さて、このゲームのグラフィックにはもう1つの側面があると思います。
そもそも、各ハードには、そのハードの性能を活かしきった作品があります。
そのゲームをやると、あぁこの機種はこういうのだったな~って、すぐに思いだせるようなやつですね。
そして『ベイグラントストーリー』もまた、PSが持つポリゴン性能を最大限まで活かしきったゲームだったと思うのです。
その意味でも、PSを代表する1本だったといえるでしょう。
ちなみに、この年にはPS2も発売されておりまして。
PS2でPSのゲームをやると、一部のゲームは綺麗に映ったんですよ。
PS2の方がポリゴン性能ははるかに上ですから、そういうことも生じるみたいです。
そしてフルポリゴンの本作も、PS2でプレイすると、PSでやるよりもはるかに綺麗に映りました。
PSの魅力を最大限に引き出し、同時に限界も突きつけた一方で、PS2の持つ潜在能力の高さも証明して見せた。
PSとPS2をつなぐ時代の架け橋となったという意味においても、本作の持つ意味合いは大きかったのではないでしょうか。
<感想>
本作のストーリーを手がけるのは『タクティクスオウガ』(TO)や、『ファイナルファンタジータクティクス』(FFT)で有名な松野泰己さんでした。

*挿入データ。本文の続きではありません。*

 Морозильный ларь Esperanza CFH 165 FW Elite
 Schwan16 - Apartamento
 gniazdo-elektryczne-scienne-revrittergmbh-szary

本作も雰囲気の良さは相変わらず抜群ですが、TOやFFTと違って短めの小粒なストーリーになっております。
そのためTOやFFTのような重厚長大な物語を期待していた人には、本作は少し物足りなかったかもしれません。
私自身もその一人で、ある程度予測はしていたけれど、やっぱりかと思ったものでした。
ただ、TOやFFTもだれる一面もありましたし、後のFF12の惨状を見てるとね。。。
松野さんは、本質的には長編製作に向いていないのかなとも思ったり。
このくらいの規模の作品で、キラリとセンスの良さを匂わせて、もっと堪能させてくれよってユーザーを焦らせるくらいが、一番合っているのかもしれませんね。
<ゲームデザイン>
ゲームジャンルはリアルタイムRPGとなるでしょうか。
画面を見るとバイオとかみたいなアクションADVっぽいのですが、私がクリアできたくらいですし、アクション部分に関して、特に指先のテクニックは要しないと言えるでしょう。
したがって、あくまでもリアルタイムのゲームと認識した方が良いでしょうね。
また、本作には成長要素もありますので、やっぱりRPGの表現が合うと思います。
RPGのパーティ戦闘しか知らないと違和感があるかもですが、むしろダンマスとかの昔のRPGを髣髴させる感じでしたね。
このゲーム、とにかく難しいって言われます。
確かに難しいです。
戦闘も難しいし、途中のパズル要素も慣れない人には難しいでしょう。
ただ、パズルには理不尽な面はなかったし、MYST系ADVに比べれば易しいですしね。
どう感じるかはその人のゲーム経験次第な気もします。
戦闘に関しても、レベルさえ上げれば万事OKな作りではないので、そういうのに慣れきっちゃうと辛いでしょう。
でも、敵の弱点をつくことを心がければ、案外すんなりいけます。
このゲームはリアルタイムゲームですからね。
私のようなアクション下手は頭を使って、SLGを攻略するような感覚で、敵の弱点をついていけばクリアできます。
逆に考えるのは苦手だけど指先の技術には自信があるぜって人は、リアルタイムであることを存分に活かしてテクニックで敵を翻弄するって方法も出来るでしょう。
もちろん頭と指先の両方をフルに活動させて、敵を翻弄しながら弱点をつければ、よりクリアは楽になるでしょうし。
一見難しいと思われている本作ですが、プレイする人の得意とする手段によって様々な攻略方法が考えられるのです。
こうした点は高く評価されて然るべきでしょう。
<評価>
大作を期待してたプレイ当初は小粒感が気にもなりましたが、松野さんの持つセンスの良さのみが凝縮されたという点では、実はこの作品こそが一番だったのかもしれませんね。
総合でも文句なしに名作といえるでしょう。
小さな舞台で奮闘している人を見ると、もっと大きな舞台で活躍するところを見てみたい、もっと大きな武器を与えればどれだけ活躍するのだろうかと期待してしまいます。
クエストからスクウェアという大きな会社に移籍した松野さんは、この『ベイグラントストーリー』で大きな可能性を見せつけました。
ベイグラのクリア時には、このセンスと技術でFFのような大作を作ったら、一体どれだけの大傑作が生まれるのかと非常に期待したものですが、中々上手くいかないものですね。。。
まぁ後の話はともかくとして、本作自体は非常に優れた作品でした。